Enhancement of hydrogen production performance of novel perovskite LaNi 0 . 4 Al 0 . 6 O 3 ‐δ supported on MOF A520 ‐derived λ‐Al 2 O 3

Abstract

Methanol steam reforming (MSR) is a promising method for hydrogen production from renewable energy. The effect of λ-Al2O3 support derived from metal-organic frameworks (MOFs) aluminum fumarate (A520) on the performance and stability of LaNi0.4Al0.6O3-δ for MSR is investigated. Results demonstrate that compared with LaNi0.4Al0.6O3-δ, LaNi0.4Al0.6O3-δ/λ-Al2O3 can achieve complete conversion of methanol and excellent thermal stability due to the higher SBET and strong interaction between the metal components and λ-Al2O3. Characterization results indicate that the LaNi0.4Al0.6O3-δ/λ-Al2O3 catalyst, which was not successfully reduced due to its robust structure, still has active sites for the MSR reaction.
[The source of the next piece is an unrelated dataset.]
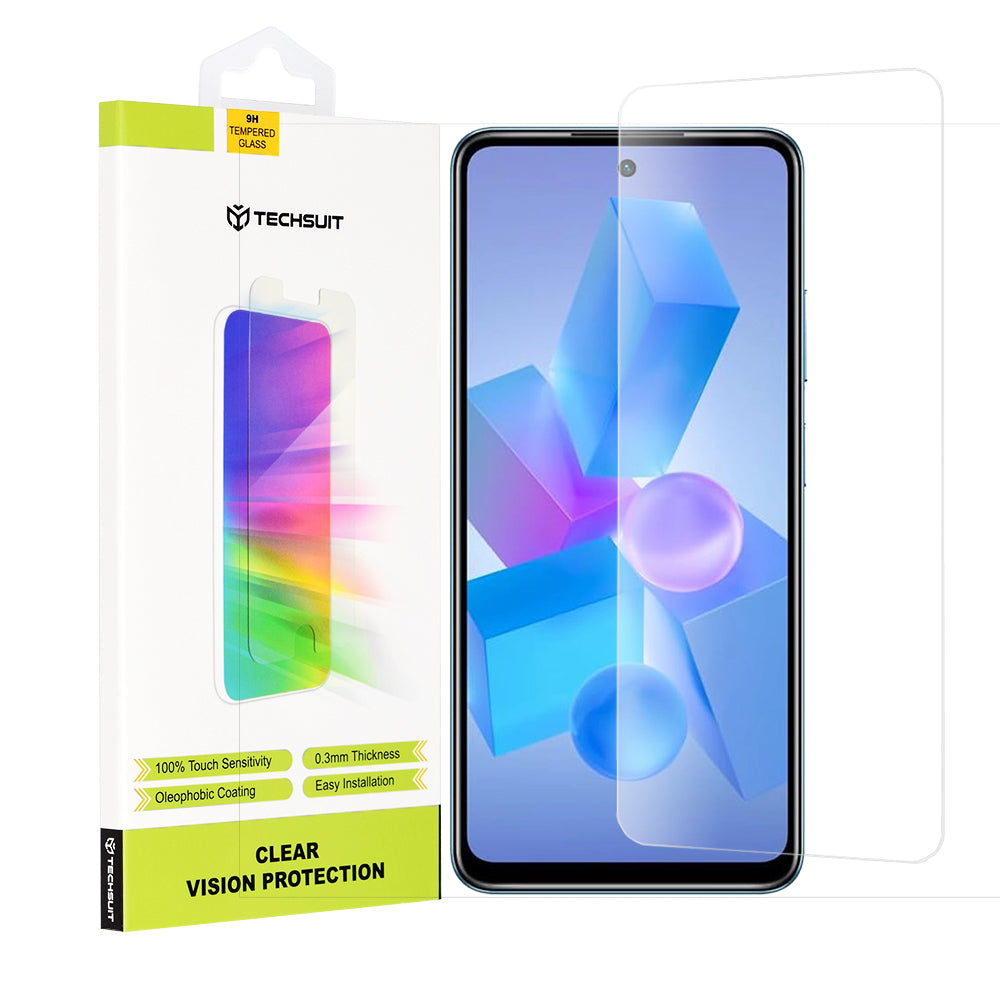 Techsuit Clear Vision -näytönsuoja Tecno Spark 20 Pro / Pova 5 Pro / Hot 40 / Hot 40 Pro -puhelimille, karkaistu lasi, täysiliimainen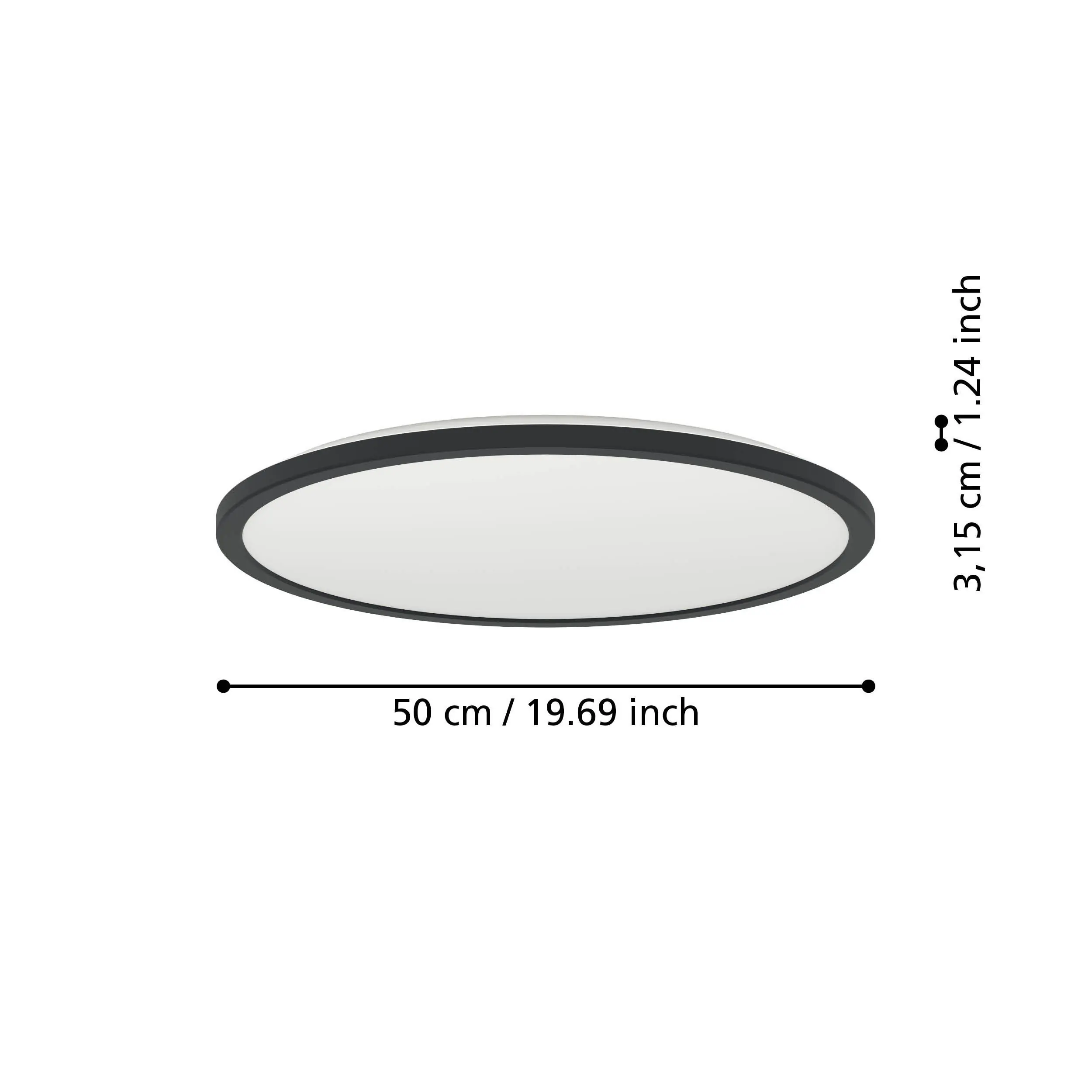 Eglo LED Deckenleuchte Rovito-R schwarz Ø 50 x 3 cm warmweiß-kaltweiß dimmbar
This characteristic of the catalyst has the potential to be applied for onboard in-situ hydrogen production, because it can shorten the time of hydrogen reduction process. Furthermore, the effects of catalytic temperature, feed water-methanol ratio, and liquid hourly space velocity on performance of LaNi0.4Al0.6O3-δ/λ-Al2O3 are studied in detail and the optimal conditions ​​are determined and applied for stability tests.